母亲带着萨特回到娘家,小萨特立刻就成为外祖父的宠物,他给予萨特无尽的关怀和爱抚,从不对萨特命令和训斥。于是,萨特就处于一种无拘无束的家庭环境中,这对萨特一生的影响是巨大的。
“命令和服从其实是一回事。甚至最专横的人也是以另一个人的名义,即以一个生身的无能之人——他的父亲——的名义发号施令,把他自己遭受过的无形暴力传给后人。在我的一生中,我从不发号施令,一下命令我就觉得好笑,也让别人觉得好笑。这是因为我没有受到权力的污染,从没有人叫我服从。”
正因为这一点,萨特在对待婚姻爱情时,也是这种立场。他一生中结交的女子无数,发生过爱情的女子也是无数,萨特从不向她们中的任何一个下过命令,要求她们服从他、忠实于他或者嫁给他,这其中也包括波伏瓦。他用“偶然爱情”的理论维护了自己的爱情自由,同时也赋予那些女人们以自由。
这种自由自在的成长环境的另一个后果是,萨特成为一个长不大的孩子,他一生都不愿意做一个成年人。20岁时他写过一首诗,其中写道:“我不想认真,我不想长大;我今年才14岁,我想永远不要到18岁。
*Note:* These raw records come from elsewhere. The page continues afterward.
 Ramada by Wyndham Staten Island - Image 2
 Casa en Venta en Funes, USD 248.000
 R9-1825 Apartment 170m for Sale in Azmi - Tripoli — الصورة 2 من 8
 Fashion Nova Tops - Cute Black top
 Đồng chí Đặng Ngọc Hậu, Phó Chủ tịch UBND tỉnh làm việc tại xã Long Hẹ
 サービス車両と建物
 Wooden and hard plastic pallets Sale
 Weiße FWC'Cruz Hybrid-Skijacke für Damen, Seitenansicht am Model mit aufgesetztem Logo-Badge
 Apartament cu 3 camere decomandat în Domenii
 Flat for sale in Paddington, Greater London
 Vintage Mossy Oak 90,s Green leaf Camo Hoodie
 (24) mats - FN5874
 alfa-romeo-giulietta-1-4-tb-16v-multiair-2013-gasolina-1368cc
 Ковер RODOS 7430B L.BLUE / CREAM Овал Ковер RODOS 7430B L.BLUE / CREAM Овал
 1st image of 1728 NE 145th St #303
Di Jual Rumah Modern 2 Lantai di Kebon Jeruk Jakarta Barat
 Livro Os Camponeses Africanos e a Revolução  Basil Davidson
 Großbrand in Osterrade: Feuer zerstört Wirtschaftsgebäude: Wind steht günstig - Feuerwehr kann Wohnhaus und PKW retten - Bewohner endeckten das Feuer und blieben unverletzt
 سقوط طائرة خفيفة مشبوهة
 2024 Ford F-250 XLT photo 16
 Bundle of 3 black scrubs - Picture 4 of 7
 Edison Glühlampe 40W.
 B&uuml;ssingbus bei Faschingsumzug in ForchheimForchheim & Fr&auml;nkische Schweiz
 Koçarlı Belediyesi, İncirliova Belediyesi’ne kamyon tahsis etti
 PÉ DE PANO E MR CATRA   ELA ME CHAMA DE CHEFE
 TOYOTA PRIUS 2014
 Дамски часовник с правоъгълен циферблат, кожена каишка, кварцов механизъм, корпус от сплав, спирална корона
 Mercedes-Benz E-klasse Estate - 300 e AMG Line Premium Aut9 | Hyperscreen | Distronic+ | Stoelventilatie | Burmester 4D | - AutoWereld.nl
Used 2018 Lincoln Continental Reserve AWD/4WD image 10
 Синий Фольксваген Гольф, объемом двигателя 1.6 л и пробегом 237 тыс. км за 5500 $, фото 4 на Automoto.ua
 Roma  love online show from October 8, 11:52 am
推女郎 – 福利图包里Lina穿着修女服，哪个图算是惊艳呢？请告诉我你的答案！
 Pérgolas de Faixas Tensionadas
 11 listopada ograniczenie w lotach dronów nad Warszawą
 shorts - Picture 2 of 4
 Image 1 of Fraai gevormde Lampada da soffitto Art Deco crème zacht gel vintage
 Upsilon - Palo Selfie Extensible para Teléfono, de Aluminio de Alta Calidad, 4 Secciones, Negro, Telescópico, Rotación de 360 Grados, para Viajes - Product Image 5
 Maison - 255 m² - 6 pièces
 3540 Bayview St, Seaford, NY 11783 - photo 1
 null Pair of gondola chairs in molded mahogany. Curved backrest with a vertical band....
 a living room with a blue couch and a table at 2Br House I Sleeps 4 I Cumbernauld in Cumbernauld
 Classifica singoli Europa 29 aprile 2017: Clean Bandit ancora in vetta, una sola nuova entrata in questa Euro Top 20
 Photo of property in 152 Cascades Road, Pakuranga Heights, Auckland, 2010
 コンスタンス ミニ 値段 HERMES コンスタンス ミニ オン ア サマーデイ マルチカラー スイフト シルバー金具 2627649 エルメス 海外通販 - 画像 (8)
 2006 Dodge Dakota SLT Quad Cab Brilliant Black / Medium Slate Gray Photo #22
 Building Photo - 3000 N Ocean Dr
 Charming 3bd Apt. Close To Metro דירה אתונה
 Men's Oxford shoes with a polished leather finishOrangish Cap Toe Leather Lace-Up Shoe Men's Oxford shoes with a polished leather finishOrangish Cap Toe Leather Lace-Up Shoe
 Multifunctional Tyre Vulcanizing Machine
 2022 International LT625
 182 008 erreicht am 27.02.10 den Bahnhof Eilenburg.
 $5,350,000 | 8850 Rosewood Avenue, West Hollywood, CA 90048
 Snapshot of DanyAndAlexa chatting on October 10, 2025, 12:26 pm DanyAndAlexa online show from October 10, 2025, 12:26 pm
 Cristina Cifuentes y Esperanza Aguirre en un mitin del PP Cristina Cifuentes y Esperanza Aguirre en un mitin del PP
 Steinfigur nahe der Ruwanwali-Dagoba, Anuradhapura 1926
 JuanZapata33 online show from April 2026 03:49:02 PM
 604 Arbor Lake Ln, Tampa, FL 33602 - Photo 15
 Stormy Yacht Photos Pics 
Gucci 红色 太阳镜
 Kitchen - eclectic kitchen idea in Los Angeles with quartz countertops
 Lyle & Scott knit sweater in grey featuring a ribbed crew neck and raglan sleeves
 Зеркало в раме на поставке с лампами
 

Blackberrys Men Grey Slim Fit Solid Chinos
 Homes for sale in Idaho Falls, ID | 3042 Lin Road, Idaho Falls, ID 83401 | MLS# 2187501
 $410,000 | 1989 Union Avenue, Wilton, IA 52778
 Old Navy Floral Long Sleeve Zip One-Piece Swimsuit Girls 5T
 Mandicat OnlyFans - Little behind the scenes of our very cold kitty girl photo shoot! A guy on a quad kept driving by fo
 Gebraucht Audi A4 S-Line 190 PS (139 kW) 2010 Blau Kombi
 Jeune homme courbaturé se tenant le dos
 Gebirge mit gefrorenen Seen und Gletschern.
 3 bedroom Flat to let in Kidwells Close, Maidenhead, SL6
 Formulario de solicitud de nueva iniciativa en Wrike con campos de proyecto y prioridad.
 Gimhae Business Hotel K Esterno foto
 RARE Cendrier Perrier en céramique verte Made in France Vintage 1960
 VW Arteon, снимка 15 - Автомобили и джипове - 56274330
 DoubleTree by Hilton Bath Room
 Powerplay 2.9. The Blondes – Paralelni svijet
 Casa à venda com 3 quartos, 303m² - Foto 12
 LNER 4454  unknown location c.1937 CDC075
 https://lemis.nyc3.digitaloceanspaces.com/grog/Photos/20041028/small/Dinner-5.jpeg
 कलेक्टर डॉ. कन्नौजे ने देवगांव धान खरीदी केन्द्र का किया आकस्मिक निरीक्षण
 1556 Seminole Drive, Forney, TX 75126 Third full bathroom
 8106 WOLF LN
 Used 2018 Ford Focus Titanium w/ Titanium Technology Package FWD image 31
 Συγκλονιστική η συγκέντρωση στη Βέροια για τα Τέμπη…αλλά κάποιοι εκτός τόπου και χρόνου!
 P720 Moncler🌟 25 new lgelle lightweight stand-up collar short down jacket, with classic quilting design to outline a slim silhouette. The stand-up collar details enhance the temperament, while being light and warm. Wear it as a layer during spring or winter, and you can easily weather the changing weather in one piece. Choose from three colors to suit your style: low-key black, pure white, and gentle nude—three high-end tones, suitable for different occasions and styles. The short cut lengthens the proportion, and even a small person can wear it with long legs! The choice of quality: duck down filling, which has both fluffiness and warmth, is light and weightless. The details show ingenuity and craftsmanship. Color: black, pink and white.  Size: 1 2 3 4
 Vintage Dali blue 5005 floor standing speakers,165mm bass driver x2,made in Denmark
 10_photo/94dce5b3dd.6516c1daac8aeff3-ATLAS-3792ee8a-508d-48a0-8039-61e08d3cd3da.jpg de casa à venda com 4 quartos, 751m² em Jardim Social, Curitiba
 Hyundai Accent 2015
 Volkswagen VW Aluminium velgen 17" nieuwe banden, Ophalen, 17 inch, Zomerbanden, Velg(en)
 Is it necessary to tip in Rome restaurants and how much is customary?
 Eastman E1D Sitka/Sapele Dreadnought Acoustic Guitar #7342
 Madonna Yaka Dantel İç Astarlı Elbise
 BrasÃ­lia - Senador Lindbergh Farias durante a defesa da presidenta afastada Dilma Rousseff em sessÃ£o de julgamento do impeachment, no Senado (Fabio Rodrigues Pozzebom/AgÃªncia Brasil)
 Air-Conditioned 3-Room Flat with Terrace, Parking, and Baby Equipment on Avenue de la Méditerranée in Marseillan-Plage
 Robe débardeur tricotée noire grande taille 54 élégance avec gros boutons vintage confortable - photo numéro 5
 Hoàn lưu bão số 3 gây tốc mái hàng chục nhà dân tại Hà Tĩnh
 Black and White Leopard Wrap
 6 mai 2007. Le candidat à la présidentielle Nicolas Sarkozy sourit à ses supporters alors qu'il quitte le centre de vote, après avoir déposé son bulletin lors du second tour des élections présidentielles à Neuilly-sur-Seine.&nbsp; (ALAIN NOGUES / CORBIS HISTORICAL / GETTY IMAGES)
”他厌恶成年人,也厌恶自己将要走向成年。由于不适应成人社会的要求,以及对不可避免地进入这一社会而产生的焦虑,在30岁时萨特曾出现过一次严重的精神危机。而婚姻与家庭是成人社会的基本组成单位,正是对于成人社会的恐惧,萨特坚决拒绝结婚。
(2)萨特坚决不结婚的另一个因素与母亲的影响密不可分。萨特和母亲相依为命,他们形影不离。萨特的身高只有一米五八,而且左眼斜视,而他的母亲是个高个子的漂亮美人。萨特和母亲在公园散步时,人们往往对这一对母子侧目而视,童年的萨特从母亲那里就感受到别的男性的欲望的气息,渐渐地,萨特养成了对男人害怕和憎恶的秉性,并且一生都同男性关系冷淡。
波伏瓦曾问他为何这样厌恶男性时,萨特说:“因为它以一种令人厌恶和滑稽可笑的方式来区别性。男性就是一个在其大腿之间吊着一个小肉棍棍的人——我就是这样看待他们的。”
萨特的母亲与父亲相处的时间并不长,从这场婚姻中,母亲玛丽—安娜并未体验到任何乐趣。改嫁后,母亲依然体味不到婚姻的乐趣,仅仅出于对儿子的考虑:一方面,随着萨特的成长,安娜觉得应该有个父亲来管束他;另一方面是出于经济方面的考虑,希望萨特能受到更好的教育。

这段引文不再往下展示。